Despite remarkable advances in the procedural and clinical outcomes of percutaneous revascularization, chronically occluded coronary arteries remain a formidable challenge and unresolved dilemma in interventional cardiology. Although a TCO is identified in approximately one-third of diagnostic cardiac catheterizations, still an attempted revascularization accounts for less than 8% of all percutaneous coronary interventions (PCI). Such a disparity between their frequency and treatment not only underscores the technical and procedural frustrations associated with these complex lesions, but also the clinical uncertainties regarding clinical benefits with conventional TCO revascularization and the ongoing inadequacies of current PCI methods for sustaining restenosis-free patency following initial success.
Until recently, few clinical investigations have been performed to support clinical benefit of TCO revascularization. In addition to relief of symptomatic ischemia, theoretical advantages have included enhanced left ventricular function, reduced predisposition to arrhythmic events, and improved tolerance of future ischemic events. In the Survival and Ventricular Enlargement (SAVE) trial, persistent occlusion of the infarct-related artery was associated with a relative risk of 1.47 in adjusted 4-year mortality (P=0.04). Since then, a limited number of studies documenting long-term outcomes following intended TCO revascularization have been performed.
This investigational protocol is designed to evaluate the safety and efficacy of the Cypher® sirolimus eluting coronary stent (Cordis Corporation, Miami Lakes, FL) in patients undergoing elective revascularization of nonacute total coronary occlusions (TCO). Specifically, approximately 200 patients will undergo Cypher® sirolimus eluting coronary stent(s) implantation following successful crossing of native total occlusions with a coronary guidewire. The study will be conducted at approximately 17 sites in North America. Patients included in this trial will be scheduled for percutaneous revascularization of a non-acute de novo TCO in a native vessel visually estimated to accommodate a ≥3.0 mm diameter angioplasty balloon.
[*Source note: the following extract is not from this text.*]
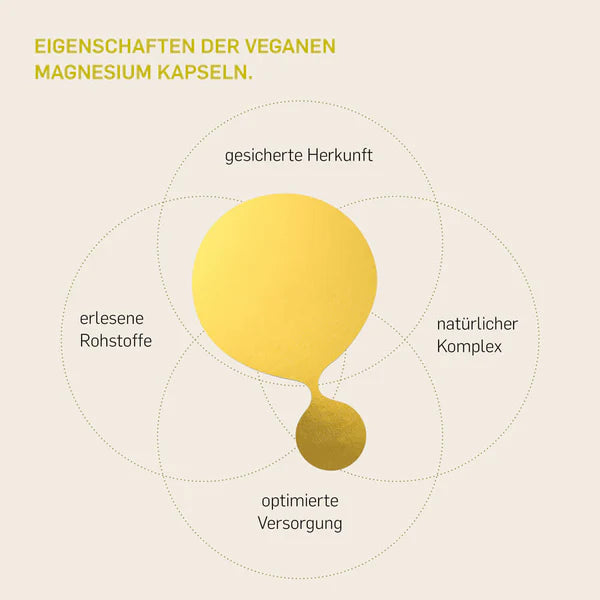 Magnesium KOMPLEX - KURKRAFT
Important exclusion criteria will include recent myocardial infarction (<72 hours) and any general contraindication to the procedure or scheduled clinical and angiographic follow-up. Patients may also undergo treatment of a non-target vessel lesion simultaneous with the index procedure within certain protocol-specified provisions. All patients will undergo planned angiographic follow-up 6 months following the index procedure to evaluate the primary endpoint of restenosis (>50% diameter stenosis) within the treated/working length segment compared with results obtained using the same methodology among patients undergoing TCO revascularization with the heparin-coated Palmaz-Schatz coronary stent (Cordis Corporation, Miami Lakes, FL) in the Total Occlusion Study of Canada-1 (TOSCA) (1). Important secondary endpoints include the occurrence of major adverse cardiac events (MACE) and target vessel failure (TVF) at 30 days, 6 months and 12 months post-procedure. In addition, angiographic outcomes of in-stent and segment restenosis within the stent and segment will be examined. Further, patients enrolled in the trial will have clinical follow-up annually to five years.
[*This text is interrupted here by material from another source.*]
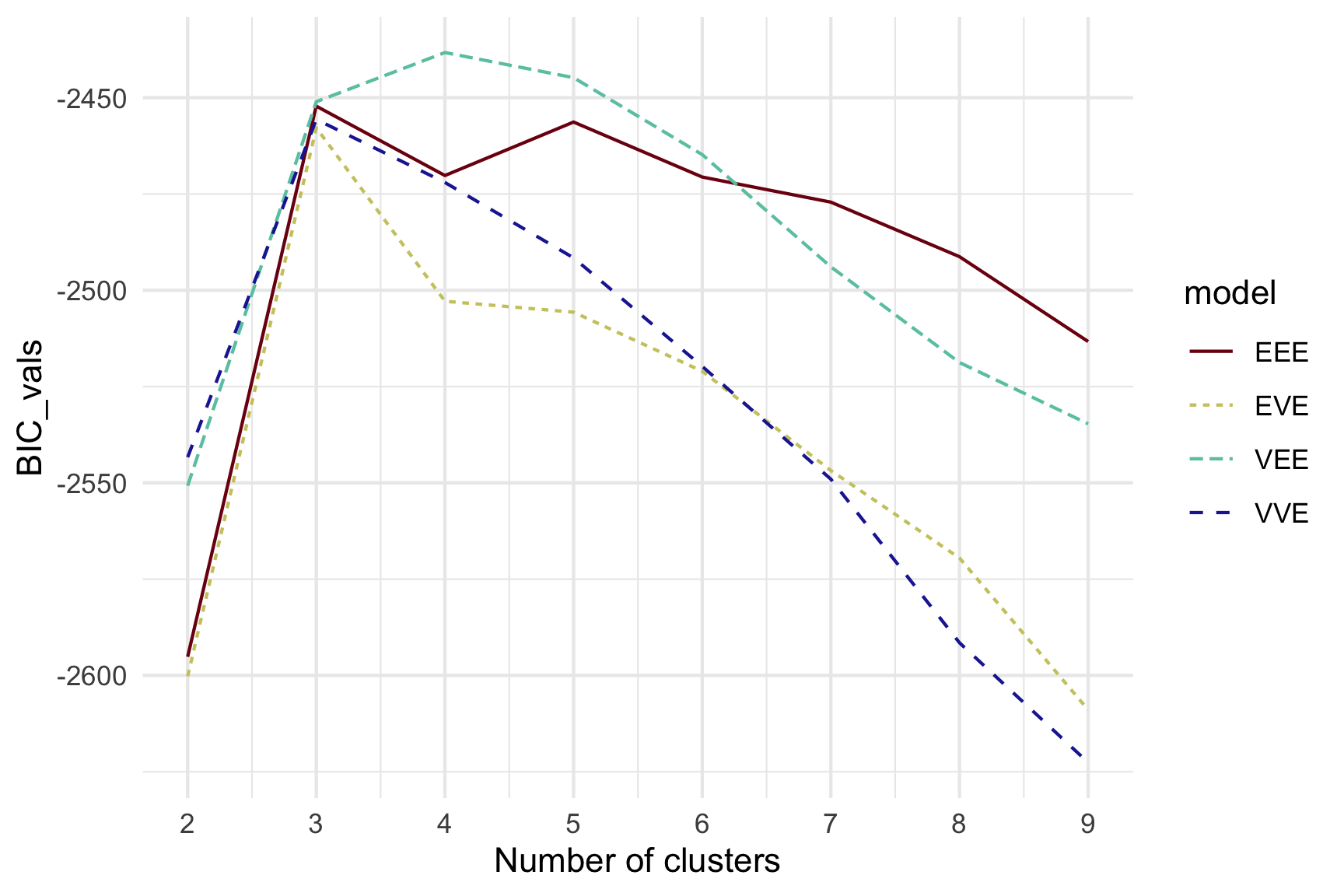BIC values for a range of models and number of clusters.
Endpoint Classification: Safety/Efficacy Study
Intervention Model: Single Group Assignment
Masking: Open Label
Primary Purpose: Treatment
|Device: Cypher sirolimus eluting coronary stent
Cypher® sirolimus eluting coronary stent ranging in diameters 2.5 to 3.5 mm and available in length from 8 to 33 mm.
|Experimental: Cypher® sirolimus eluting coronary stent
All pts were given the Cypher sirolimus eluting coronary stent in this open-label, single-arm, non-randomized trial
Intervention: Device: Cypher sirolimus eluting coronary stent
- Waksman R, Robinson KA, Crocker IR, Gravanis MB, Cipolla GD, King SB 3rd. Endovascular low-dose irradiation inhibits neointima formation after coronary artery balloon injury in swine. A possible role for radiation therapy in restenosis prevention. Circulation. 1995 Mar 1;91(5):1533-9.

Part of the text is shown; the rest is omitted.